Earlier this week, Ryan appeared on conservative talk show host William Bennett’s radio program to discuss his efforts to eradicate poverty in America. In the course of his remarks the Chairman of the House Budget Committee blamed: “[A] tailspin of culture, in our inner cities in particular, of men not working and just generations of men not even thinking about working or learning to value the culture of work.”

Shortly thereafter, Representative Barbara Lee (D-CA) accused Ryan of “offensive and racially charged language.” She further asserted “Let’s be clear, when Mr. Ryan says ‘inner city, when he says, ‘culture,’ these are simply code words for what he really means: ‘black.’ Does Ms. Lee know Mr. Ryan personally? Has she spent time with him discussing ways to alleviate poverty in our rural and urban communities? I do and I have.

Late last year I wrote a piece on these pages describing how Ryan could be the Jack Kemp of 2016 for the Republican Party. He is a protégé of the late Congressman and Secretary of Housing and Urban Development under President Reagan. Thoughtful, intellectual, deliberative. Knowing both men I can tell you that neither viewed people based on the color of their skin but as individuals. This is where Rep. Lee’s attack against her Republican colleague is so troubling.

A few weeks ago Mr. Ryan released a report discussing our 50-year battle to fight poverty, an effort which has sadly failed those Americans it was designed to save.

In 1965 the American poverty rate stood at 17.3%. After trillions of dollars of federal spending, the figure remained largely unchanged at 15% in 2012. In his report, Ryan identifies 92 federal programs that are designed to help lower income Americans. In fiscal year 2012 alone, $799 billion was spent on low-income assistance programs. Clearly money isn’t the problem. Perhaps culture is a factor to poverty in America.

According to data that Ryan’s report cites from the Census Bureau, single parenthood is directly correlated to poverty in our country today. While single women constitute less than 20% of all households, they head 34% of all poor households. According to the National Vital Statistics Reports issued by the Department of Health and Human Services last year, the black out of wedlock birthrate for 2012 stood at a staggering 72.3%.

I wish this sobering statistic was something new, but it isn’t. Back in 1965, Daniel Patrick Moynihan wrote a seminal piece entitled “The Negro Family: The Case for National Action. The future New York Senator’s prescient advice nearly 50 years ago remains true today: “In a word, a national effort towards the problems of Negro Americans must be directed towards the question of family structure. The object should be to strengthen the Negro family so as to enable it to raise and support its members as do other families. After that, how this group of Americans chooses to run its affairs, take advantage of its opportunities, or fail to do so, is none of the nation’s business.”
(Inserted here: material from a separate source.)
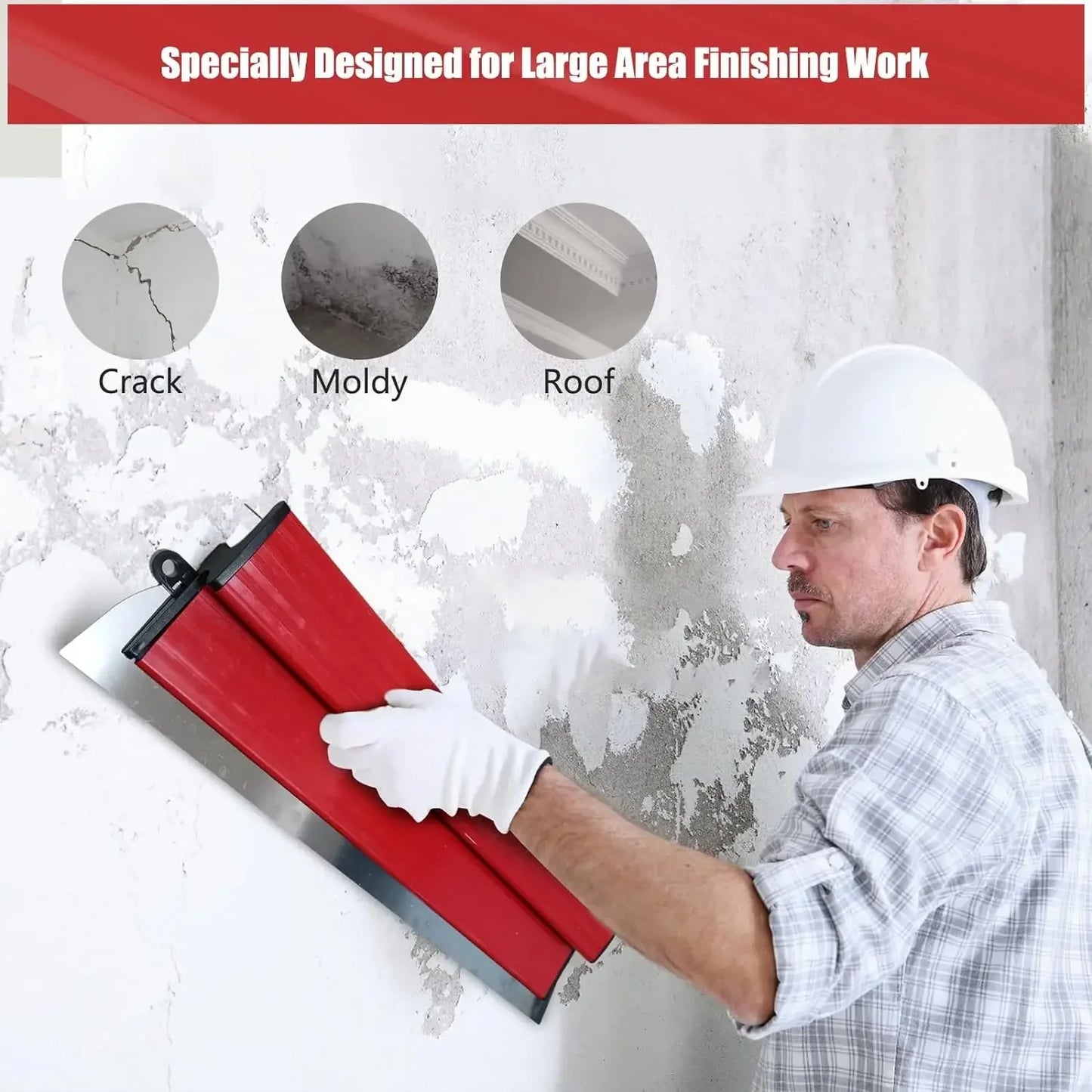 Flexible Drywall Smoothing Blade 25cm/40cm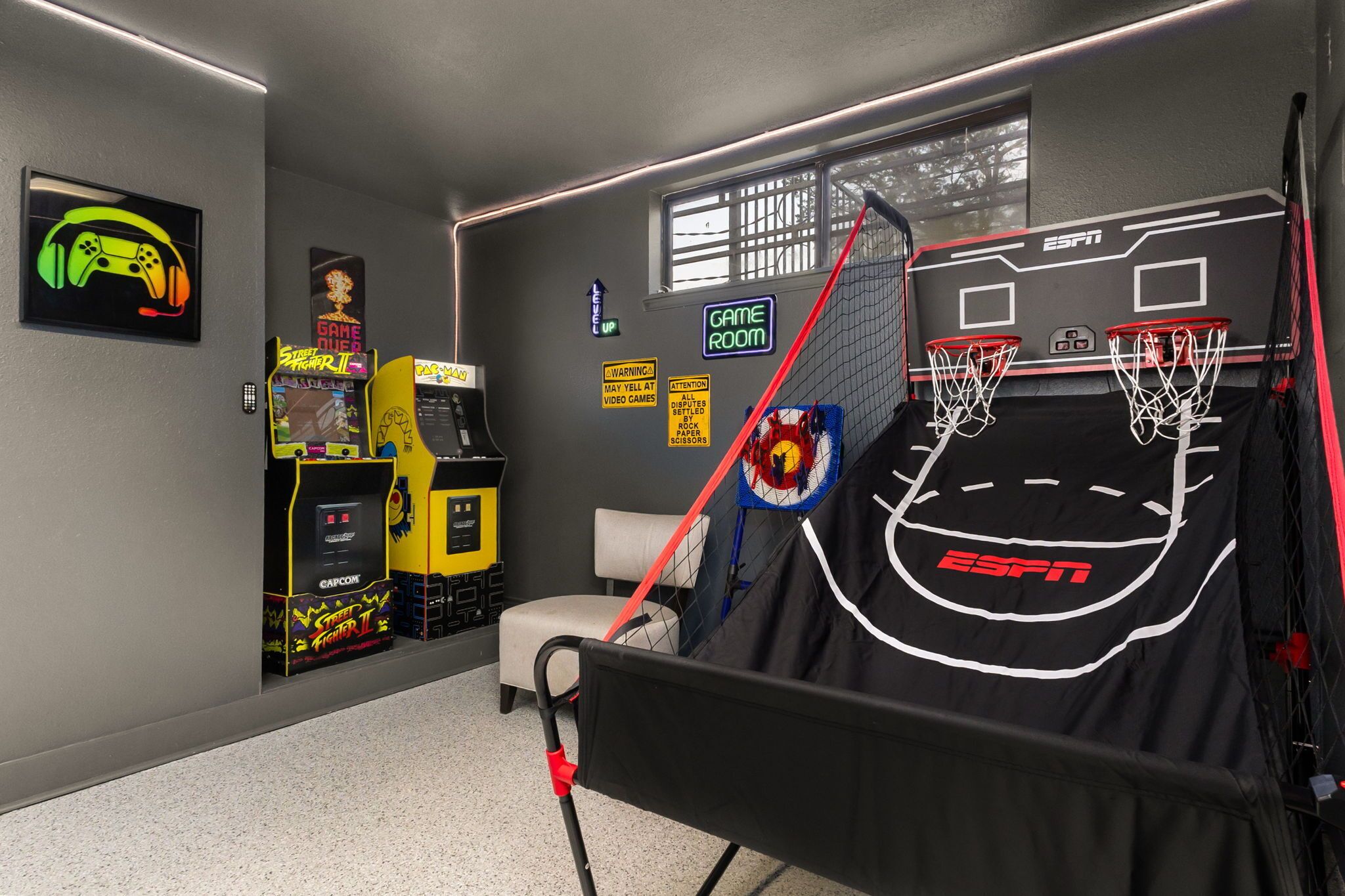 Sala de juegos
So yes, Congresswoman Lee, I believe there has been a “tailspin of culture” in which nearly three quarters of blacks born in America today are not blessed to have a mother and a father living under one roof. Rather than accuse Rep. Ryan of being racist, why don’t you call out the young black men who impregnate young black women before moving on to be a “baby daddy” to yet another young black woman whose chances of graduating from high school or college become daunting.

Were Ryan’s words a bit clumsy? Yes. In a report published earlier today in the New York Daily News Ryan offered: “It is clear that I was inarticulate about the point I was trying to make. I was not implicating the culture of one community—but of society as a whole.”

There is something wrong with our society today that finds nothing wrong with over 40 per cent of our children born into a single parent household. If there isn’t a “tailspin of culture” that ignores the significant black out of wedlock birthrate in the United States today, our society is in trouble.

Rather than criticizing Rep. Paul Ryan for issuing a clarion call for factors that have led to endemic poverty in the United States 50 years after President Lyndon Johnson sought to stem the tide of impoverished Americans, we should applaud him for speaking truth to power that Representative Barbara Lee and other Members of the Congressional Black Caucus—the “Conscience of the Congress” as they call themselves—have largely sought to ignore.